Artikel-Schlagworte: „einbettungen“

Freesia

Sie riecht frisch, blumig und grün. Dazu passend auch die Farbe: Grün! (Außerdem passt die Seife so auch wunderbar in diese Seite rein, oder?)

Ich habe gleich eine große Menge gesiedet und zwei Seifenblöcke gegossen. In die größere Blockform habe ich lange cremeweiße Seifenstangen eingebettet. Die Seifenstangen stammen von der Seife „Adam & Eva“. Davon hatte ich einen Teil des weißen Seifenleims in eine Blockform gegossen. Diesen Block habe ich dann der Länge nach in Stangen geschnitten. Das Einbetten hat hier trotz der langen Lagerzeit sehr gut funktioniert, denn Adam & Eva ist eine eher weiche Seife und ich habe den Block erst vor dem Sieden von Freesia in Stangen geschnitten und nochmal mit Wasser angefeuchtet, so haben sich neue und alte Seife gut verbunden.
In eine zweite kleinere Blockform habe ich eine Schicht-Konfettiseife gegossen: Oben und unten je eine dünne Schicht hellgrüne Seifenmasse und in der Mitte die dunkler grüne Seifenmasse mit einer ganzen Menge „Seifenschnipseln“ vermischt. Diese Stücke habe ich zum Teil mit dem Wellenschneider geschnitten. Der ist mittlerweile übrigens auch im Shop zu haben.

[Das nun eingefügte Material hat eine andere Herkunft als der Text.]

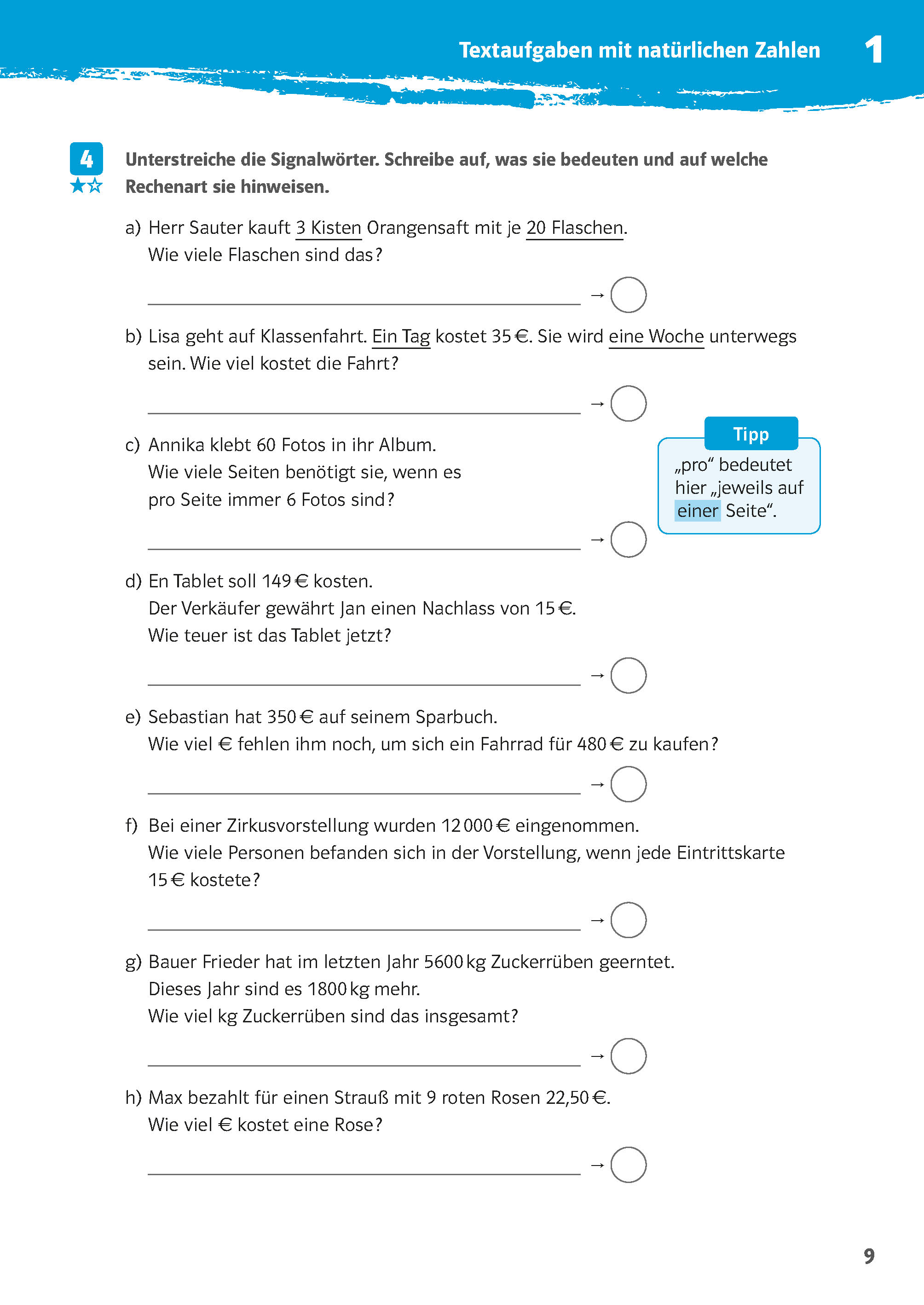Klett 10-Minuten-Training Mathematik Textaufgaben 5. Klasse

Beim Rezept habe ich mich diesmal auf 4 Öle beschränkt: 35% Rapsöl (z.T. kaltgepresst, leider leider hat mein Vorrat nicht mehr ganz gereicht, so habe ich noch raffiniertes dazugegeben. Seit Fruchtwucht bin ich nämlich ein großer Fan von kaltgepresstem Rapsöl in Seife!), 30% Palmöl, 25% Kokosöl, 10% Jojobaöl. 8% überfettet.

Titanic

Was macht man aus einer bröckeligen Soleseife, die weiß und hellblau marmoriert ist und schön frisch riecht?
Mal die Gedanken schweifen lassen:
Solebrocken – Eisbrocken – Eisberg … Eisberg? Titanic? Warum eigentlich nicht?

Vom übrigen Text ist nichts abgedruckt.